In order to understand the problem, let's start by defining the main concepts. Artinian ring: A ring R is said to be Artinian if it satisfies the descending chain condition on its left ideals, i.e., any descending chain of left ideals in R eventually stabilizes. Semisimple ring: A ring R is said to be semisimple if it is isomorphic to a direct sum of simple rings. In other words, R can be written as a direct sum of minimal left ideals. Radical of a ring: The radical of a ring R, denoted as rad(R), is the intersection of all its maximal left ideals. Maximal left ideal: A left ideal M of a ring R is called a maximal left ideal if there is no left ideal L of R such that M is a proper subset of L. Now that we have defined the main concepts, we can move on to the proof.

Suppose that R has a zero radical, i.e., rad(R) = 0. Let {M_i} be the finite set of maximal left ideals of R. Then, we have that \[\cap_{i} M_{i} = 0 .\] The hint suggests that we should try to get an injection of R into a direct sum of R/M_i. Let's define the following map: \( \phi: R \rightarrow \oplus_{i} R / M_{i} \) where \( \phi(r) = (r + M_{1}, r + M_{2}, \dots, r + M_{n}) \) for all \( r \in R \). Now, we show that \( \phi \) is injective. Suppose that \( \phi(r) = 0 \) for some \( r \in R \). This implies that \( r + M_{i} = M_{i} \) for all i. So, \( r \in M_{i} \) for all i. But this means that \( r \in \cap_{i} M_{i} \), and since rad(R) = 0, we have \( r = 0 \). Therefore, \( \phi \) is an injective map. Since \(R\) is an Artinian ring, it has the ascending chain condition on left ideals. By the injectivity of \( \phi \), we deduce that R is a submodule of \( \oplus_{i} R / M_{i} \). Then, by the Krull-Schmidt theorem (since \( \oplus_{i} R / M_{i} \) is an Artinian module and R is a direct sum of minimal left ideals), we have that R is a direct sum of minimal left ideals. This implies that R is semisimple.

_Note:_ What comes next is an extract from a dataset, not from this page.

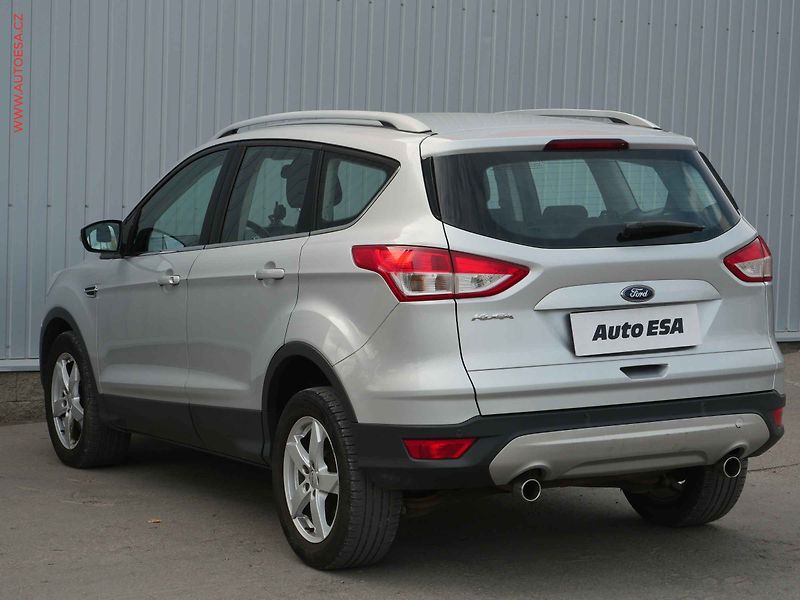 Ford Kuga (2013) 2.0 TDCi, AC, tempo - fotka 6 z 19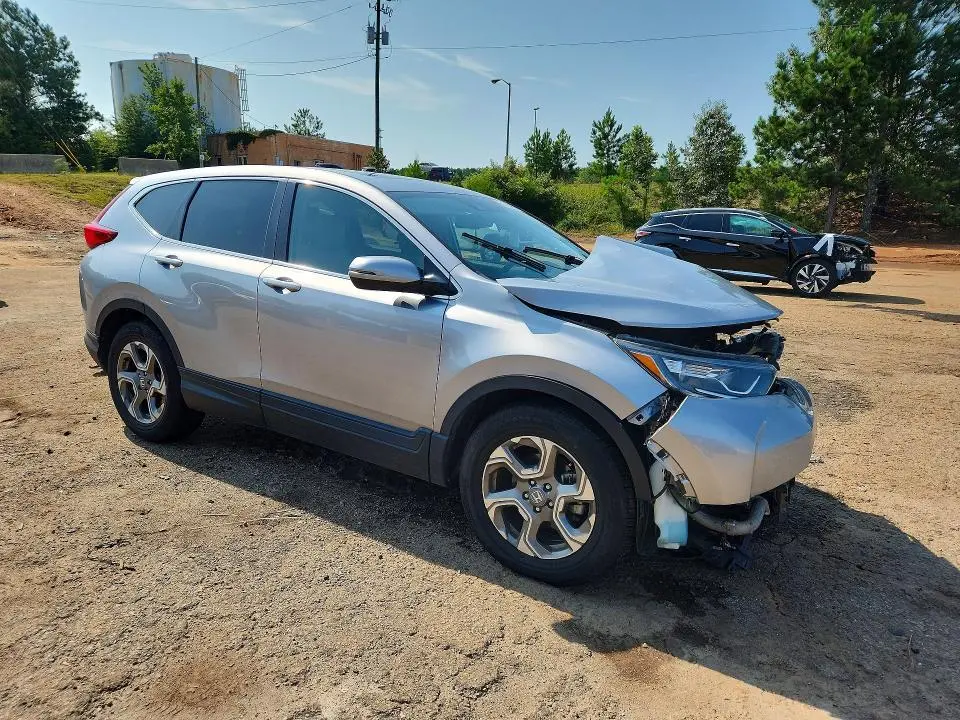 2019 HONDA CR-V EXL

Now assume that R is semisimple. We will prove that its radical is 0, i.e., rad(R) = 0. Since R is semisimple, it can be written as a direct sum of minimal left ideals: \[ R = L_{1} \oplus L_{2} \oplus \cdots \oplus L_{n} .\] Let M be any maximal left ideal of R. By the definition of the radical, we have \( L_{i} + M = R \) for some i (1 ≤ i ≤ n). But in a semisimple ring, every maximal left ideal is the complementary summand of a minimal left ideal, so we have \( M = L_{1} \oplus \cdots \oplus L_{\hat{i}} \oplus \cdots \oplus L_{n} \), where \( \hat{i} \) denotes the absence of the term L_i. In other words, if \( r \in rad(R) \), then \( r \in M \) for all maximal left ideals M in R. Thus, it suffices to show that \( r = 0 \). If \( r \in L_{i} \) for some i, then \( r \in L_{i} \cap M = 0 \). Hence, \( r = 0 \) and thus rad(R) = 0. In conclusion, we have shown that the radical of an Artinian ring R is 0 if and only if R is semisimple.